(DATA SHOWN)

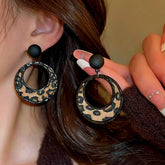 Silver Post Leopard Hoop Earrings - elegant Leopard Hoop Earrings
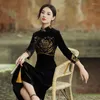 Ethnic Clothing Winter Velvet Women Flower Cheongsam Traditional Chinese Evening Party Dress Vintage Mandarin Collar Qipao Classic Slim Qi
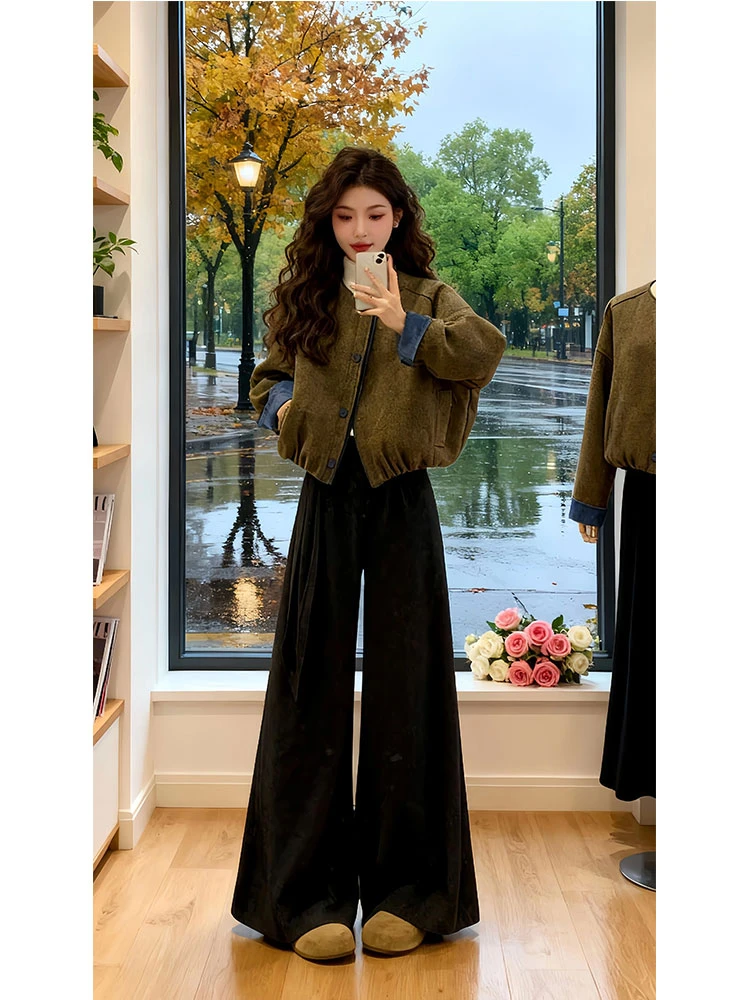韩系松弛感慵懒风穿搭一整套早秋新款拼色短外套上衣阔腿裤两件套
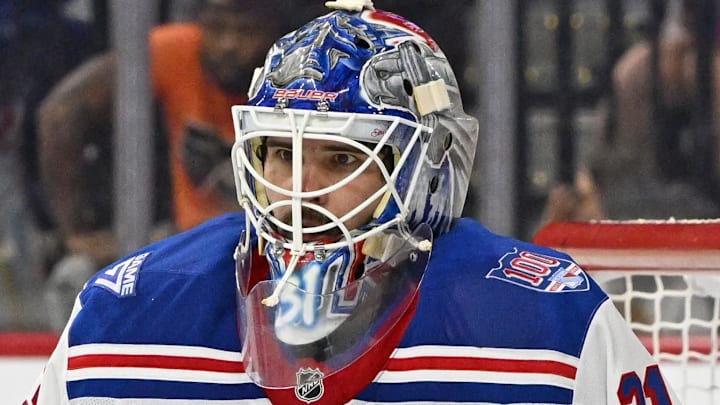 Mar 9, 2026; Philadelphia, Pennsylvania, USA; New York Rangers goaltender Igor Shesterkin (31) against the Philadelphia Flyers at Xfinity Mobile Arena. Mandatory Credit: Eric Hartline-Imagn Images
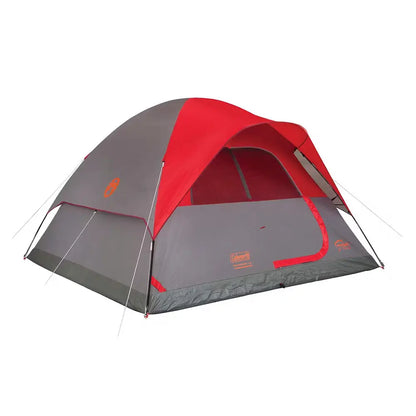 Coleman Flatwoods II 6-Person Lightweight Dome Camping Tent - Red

(End DATA SHOWN)
(DATA SHOWN)

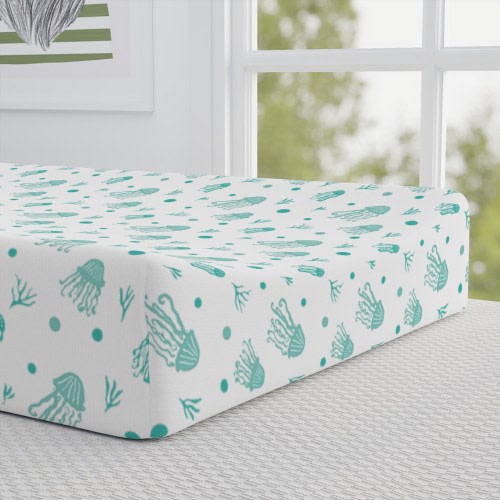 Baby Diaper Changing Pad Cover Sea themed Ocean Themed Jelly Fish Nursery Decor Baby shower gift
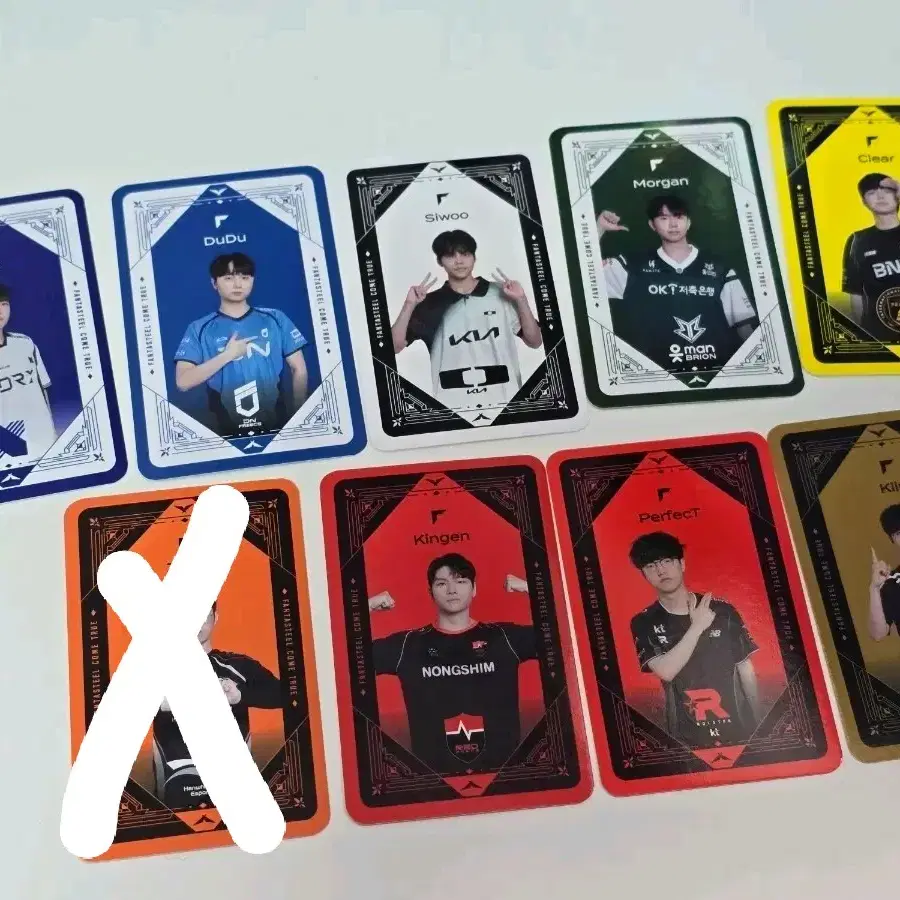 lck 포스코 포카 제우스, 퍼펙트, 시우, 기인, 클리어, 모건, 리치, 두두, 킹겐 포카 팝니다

(End DATA SHOWN)

◆ **ACTION ITEM**:
From the records above, transcribe only the stretch from the line with "Silver Post Leopard" through the line with "韩系松弛感慵懒风穿搭一整套早秋新款拼色短外套上衣阔腿裤两件套", keeping both ends. Omit pictures.

◆ **RESPONSE AREA**:
 Silver Post Leopard Hoop Earrings - elegant Leopard Hoop Earrings
 Ethnic Clothing Winter Velvet Women Flower Cheongsam Traditional Chinese Evening Party Dress Vintage Mandarin Collar Qipao Classic Slim Qi
韩系松弛感慵懒风穿搭一整套早秋新款拼色短外套上衣阔腿裤两件套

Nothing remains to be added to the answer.